回到RealCall的initExchange()方法中继续,接着调用开启ExchangeFinder的一系列调用链:find -> findHealthyConnection -> findConnection 。
fun find(client: OkHttpClient,chain: RealInterceptorChain): ExchangeCodec {
try {
val resultConnection = findHealthyConnection(
connectTimeout = chain.connectTimeoutMillis,
readTimeout = chain.readTimeoutMillis,
writeTimeout = chain.writeTimeoutMillis,
pingIntervalMillis = client.pingIntervalMillis,
connectionRetryEnabled = client.retryOnConnectionFailure,
doExtensiveHealthChecks = chain.request.method != "GET"
)
return resultConnection.newCodec(client, chain)
}...
}
从连接池中复用连接,如果没有就新建连接放入池中。这其中的逻辑比较复杂,不需要了解每个实现细节,非硬着头皮钻要花很多时间。
2.3、连接池的维护
最后还有一点,在连接池实现类RealConnectionPool中用Task任务在TaskRunner中执行完成连接池的维护。
private val cleanupTask = object : Task("$okHttpName ConnectionPool") {
override fun runOnce() = cleanup(System.nanoTime())
}
还记得2.1节连接池初始化时传入的其中一个参数就是TaskRunner实例:
constructor(
maxIdleConnections: Int,
keepAliveDuration: Long,
timeUnit: TimeUnit) : this(RealConnectionPool(
taskRunner = TaskRunner.INSTANCE,
maxIdleConnections = maxIdleConnections,
keepAliveDuration = keepAliveDuration,
timeUnit = timeUnit))
TaskRunner的INSTANCE单例使用Kotlin伴生对象实现,这比Java方便多了。
companion object {
val INSTANCE = TaskRunner(RealBackend(threadFactory("$okHttpName TaskRunner", daemon = true)))
}
TaskRunner内部持有的Backend接口实现类RealBackend对象,内建了一个执行器和1.2节中说到的OkHttp默认线程池一样。
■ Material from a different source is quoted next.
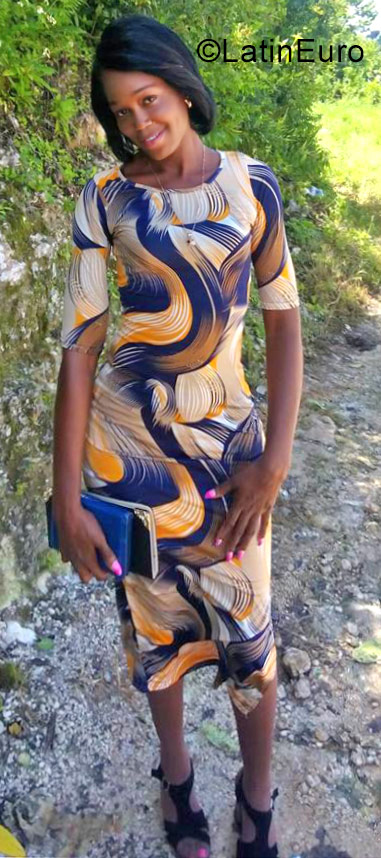 Date this cute Jamaica girl Natoyia from Manchester JM2562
class RealBackend(threadFactory: ThreadFactory) : Backend {
private val executor = ThreadPoolExecutor(
0, // corePoolSize.
Int.MAX_VALUE, // maximumPoolSize.
60L, TimeUnit.SECONDS, // keepAliveTime.
SynchronousQueue(),
threadFactory
)
...
}
回到RealConnectionPool中,每当对连接池进行操作,比如添加新的连接放入连接池中,都会执行一遍Task:如果闲置连接超过了保持活动限制或闲置连接限制,则移除最长的连接。
fun put(connection: RealConnection) {
connection.assertThreadHoldsLock()
connections.add(connection)
cleanupQueue.schedule(cleanupTask)
}
具体执行TaskRunner执行Task的流程就不展开了,也比较有意思。因为这一个TaskRunner,不仅要执行维护连接池的Task、还负责Cache缓存任务的处理,总之在OkHttp中用的地方也不少。